CEF Configuration Guide for CorreLog SIEM Agent

Summary:

The "CEF Configuration Guide -- CorreLog SIEM Agent for z/OS" is a guide to help users set up the CorreLog SIEM Agent on mainframe computers (z/OS) to collect syslog events and integrate them into an ArcSight ESM strategy for security monitoring. It supports z/OS releases V1R11 and above, converting various types of log entries including TSO Logons, Production Job ABENDs, TCP/IP Connections, FTP logs from RACF, ACF2, CA Top Secret, and DB2 accesses. The agent uses CEF format for easy event collection and management across different systems. It helps meet compliance requirements such as PCI DSS, HIPAA, SOX, IRS Pub. 1075, GLBA, FISMA, NERC, etc. CorreLog SIEM Agent is certified to be compatible with HP ArcSight CEF format, and the event format complies with HP's CEF requirements.
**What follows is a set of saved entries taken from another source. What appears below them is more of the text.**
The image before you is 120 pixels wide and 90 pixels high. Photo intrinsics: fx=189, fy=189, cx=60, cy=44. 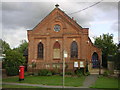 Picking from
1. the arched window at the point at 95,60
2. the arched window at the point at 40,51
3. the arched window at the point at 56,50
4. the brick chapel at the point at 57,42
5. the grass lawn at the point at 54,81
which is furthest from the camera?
the arched window at the point at 95,60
The document includes a link to a user guide for more detailed information.

Details:

The "CEF Configuration Guide -- CorreLog SIEM Agent for z/OS" is a document designed to help users configure the CorreLog SIEM Agent on mainframe computers (z/OS) to collect syslog events with ArcSight for security monitoring. This guide covers how to set up the agent to integrate z/OS mainframe security events into an enterprise ArcSight ESM strategy, allowing real-time viewing of mainframe and other IT assets' security, database, and TCP/IP events in a single SIEM system. The document highlights that CorreLog SIEM Agent supports z/OS releases V1R11 and above, converting various types of log entries such as TSO Logons, Production Job ABENDs, TCP/IP Connections, FTP logs from RACF, ACF2, CA Top Secret, and DB2 accesses. It is particularly useful for meeting compliance requirements like PCI DSS, HIPAA, SOX, IRS Pub. 1075, GLBA, FISMA, NERC among others. The configuration process involves setting up the SIEM Agent in a CEF (Common Event Format) format, which simplifies event collection and management across different systems. The text provided discusses CorreLog SIEM Agent for z/OS, which is certified to be compatible with the HP ArcSight Common Event Format (CEF). It explains that the event format complies with the requirements of HP's CEF and that the HP ArcSight CEF connector can process these events correctly. Additionally, the content meets standard SmartConnector requirements, making it suitable for use in correlation rules, reports, and dashboards within the ArcSight product suite. The document also provides a link to a user guide (CorreLog_Agent for zOS_V5-4-0_CEF_Config Guide_2014.pdf) which can be downloaded as an attachment. Build 7.3.0.7886 is a new version of ArcSight with updated connectors like Smart, CEF, Flex, and more. They also provide third-party copyright notices and license terms. On June 30th, they remind users to prepare for leap second insertion in the ArcSight products. There's an important notification about a patch issue in v6.9.1c Patch 2 which affects annotations for pre-existing events. Additionally, there are updates to their privacy policy and terms and conditions. The site feedback option is available for user input. Jive Software powers this platform with version 2016.3.4.0, revision 20161130091729.efc1903.release_2016.3.4.